Livre blanc pour un renouveau du travail indépendant

Grégoire Leclercq, président de la Fédération des auto-entrepreneurs, Lucas Léonardi, directeur d'Evo'Portail, Djamila Bennaï, chargée d'affaires chez Harmonie Mutuelle, et Sergine Dupuy, CEO de BeeBoss, présentent 17 propositions pour un renouveau du travail indépendant sous la forme d'un livre blanc.

Destiné aux candidats à l'élection présidentielle, ce document a pour objectif d'adapter l'auto-entreprise aux mutations du monde du travail. Ce régime est présenté comme l'outil indispensable pour légaliser et dynamiser toutes les activités économiques, en particulier celles issues des plateformes et de l'économie des services.
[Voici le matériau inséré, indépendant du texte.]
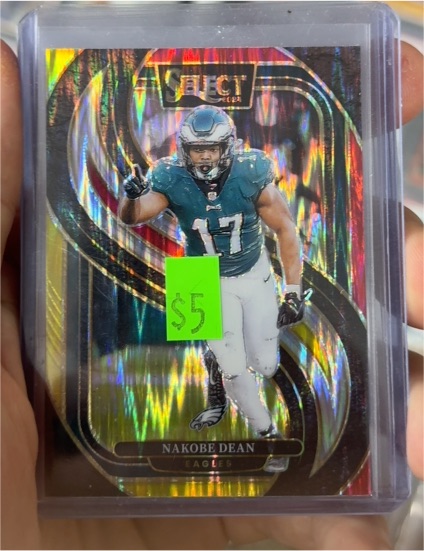 2024 Panini Select Premier Level #185 Nakobe Dean — front
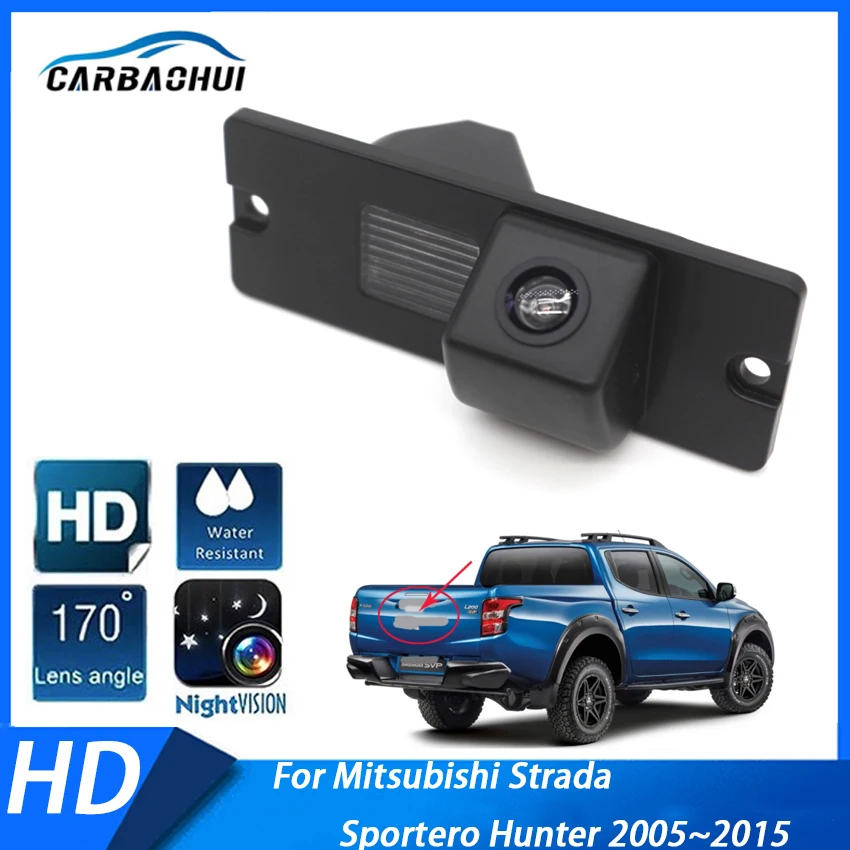 Car Rear View Reverse Camera with HD Night vision Waterproof Parking System For Mitsubishi Strada Sportero Hunter 2005~2015 
Car Rear View Reverse Camera with HD Night vision Waterproof Parking System For Mitsubishi Strada Sportero Hunter 2005~2015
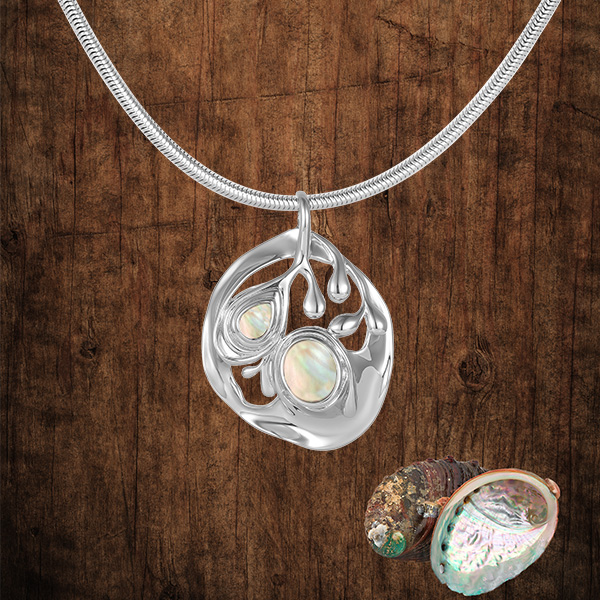 Jersey Ormer Dew Drop Pendant – ORP03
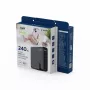 Gembird TA-UC-2A4C-PD240-01-BK 6-portová USB nabíjačka 240W GaN čierna
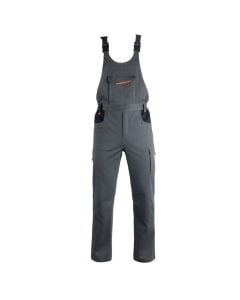 Work overalls, Kapriol, Industry, size XL, 260 g/m2, gray color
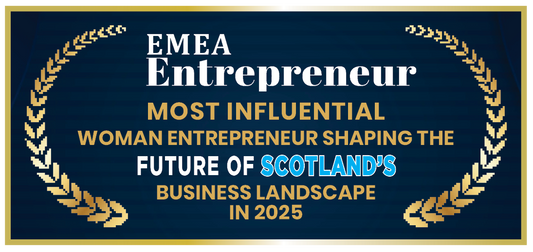 One of Scotland's Top 10 Female Entrepreneur 2025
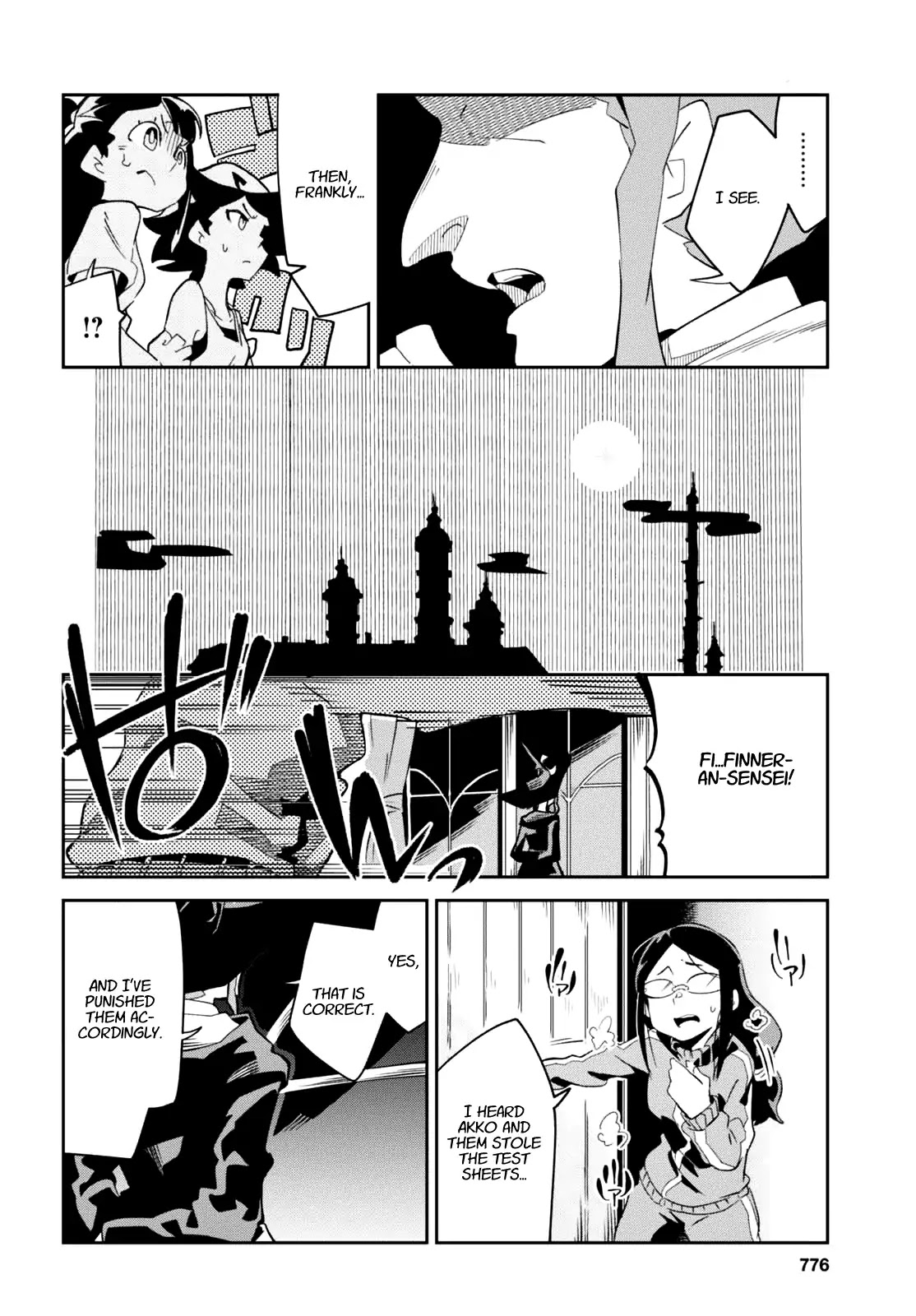 Little Witch Academia (SATOU Keisuke) Chapter 11 page 28 - Chapter 11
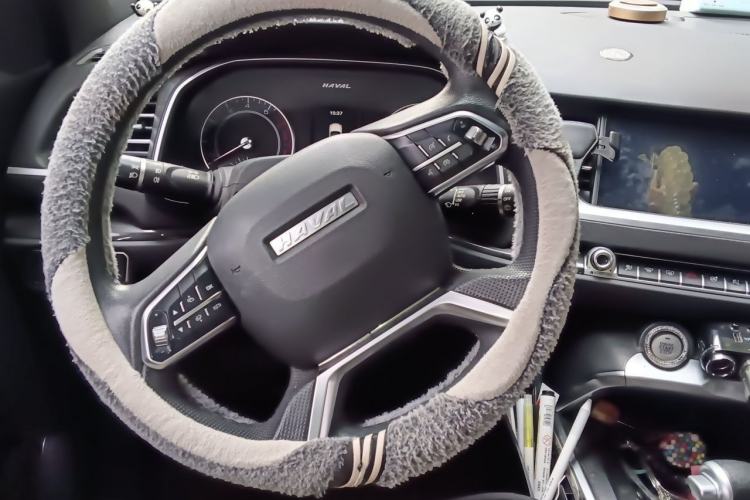 Used Haval H6 2019 1.5 GDIT Automatic Luxury Smart Connect Edition Emission Standard China V Steering Wheel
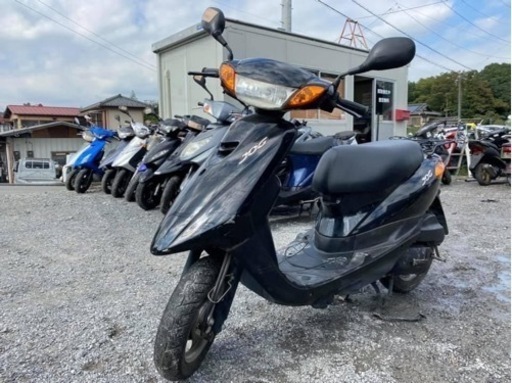 ★お支払い総額 4.5万円★ ヤマハ ジョグ SA36J 機関良好♪  4スト、インジェクション♪ 低燃費！ 通勤通学にオススメ♪ 関東圏内即日配送可能です！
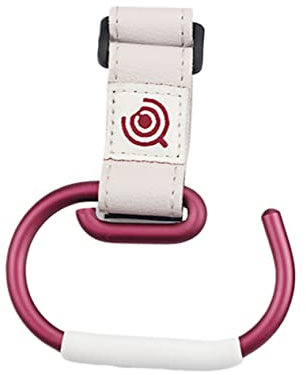 RORPOIR Gancio Per Cinghia Accessorio Pratico Per Appendere Borse e Pannolini Per Passeggiate e Shopping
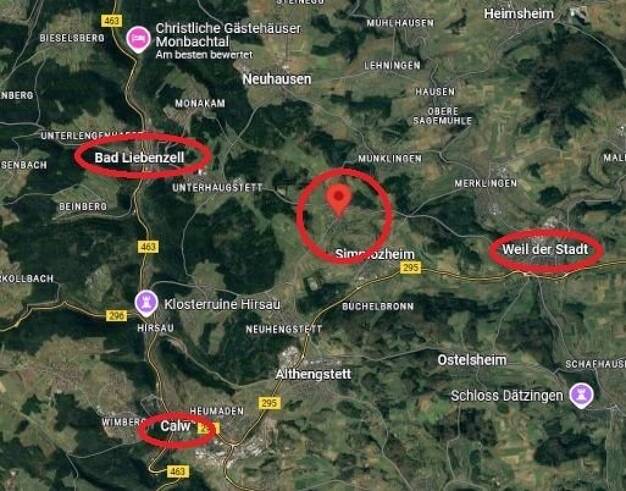 Wohnung zum Kauf 299.000 € 3 Zimmer 54 m² 3. Geschoss Möttlingen Bad Liebenzell 75378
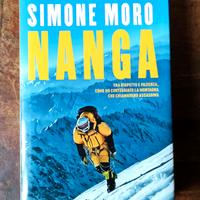 Libro NANGA Simone Moro 2016 Rizzoli 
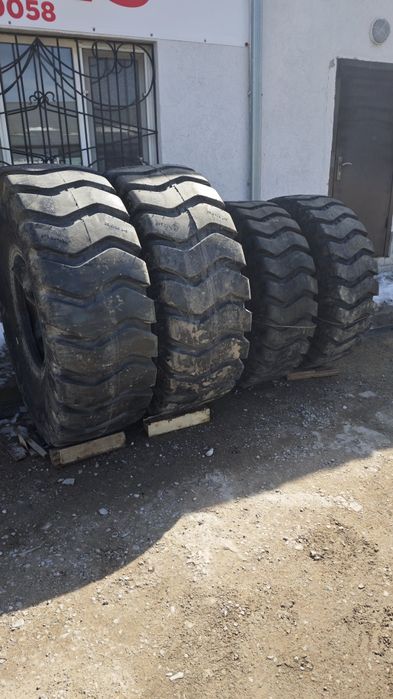 Новые шины для спецтехники XCMG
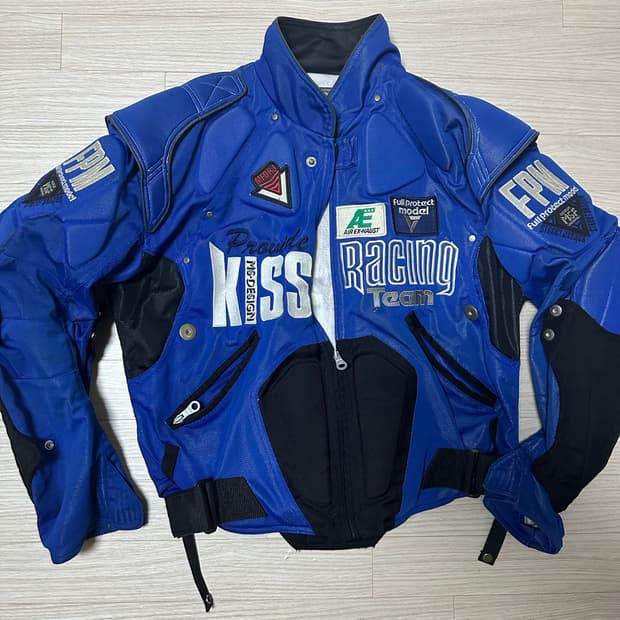 kiss racing jaket
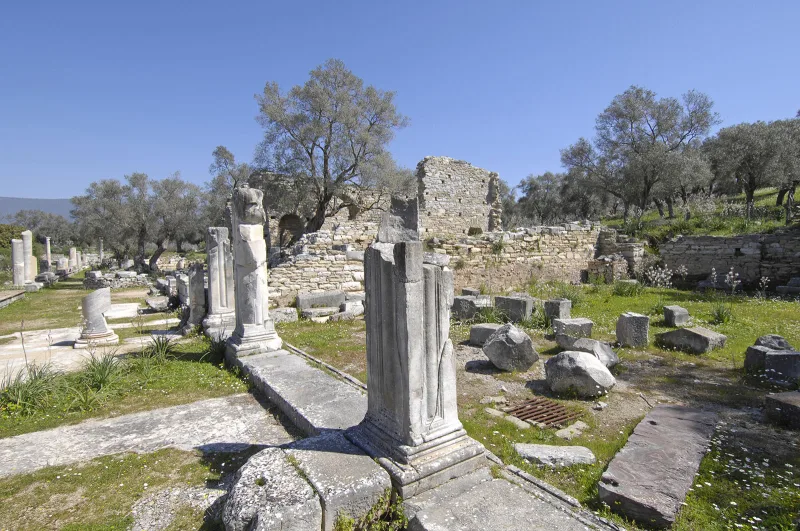 Ясос (Iasos) — карійський порт і рожевий мармур біля затоки Гюллюк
Les 17 mesures présentées sont :

#0 Réinstaurer le nom "auto-entrepreneur" et l'esprit originel
#1 Refondre en profondeur et simplifier le formulaire d'inscription
#2 Élargir et moderniser les activités, mieux les classer
#3 Ne plus contraindre les fonctionnaires dans la durée de leur activité
#4 Ne plus exiger l‘immatriculation en Chambre de commerce et d'industrie (CCI) ou Chambres des métiers et de l'artisanat (CMA)
#5 Refondre le Stage de préparation à l'installation (SPI) dans sa durée, son montant, la liste des organismes pouvant le délivrer et les cas d'exonération
#6 Supprimer la règle du prorata temporis
#7 Augmenter les plafonds à 50 000 euros et 120 000 euros, en conservant la franchise en base de TVA
#8 Modifier le mode de calcul de la Cotisation foncière des entreprises (CFE)
#9 Revoir les règles de calcul du congé maternité et paternité
#10 Bénéficier d‘indemnités journalières et rassembler tous les auto-entrepreneurs au RSI
#11 Bénéficier d'une indemnité pour perte de gain en cas de coup dur
#12 Mieux gérer les interactions avec la CAF
#13 Mener une véritable étude sur le salariat déguisé et toutes les formes de travail illégal
#14 Revoir en profondeur la définition du salariat déguisé et les critères de requalification
#15 Autoriser les auto-entrepreneurs du secteur des services à la personne à facturer les entreprises
#16 Mettre en œuvre une responsabilité sociale effective des plateformes.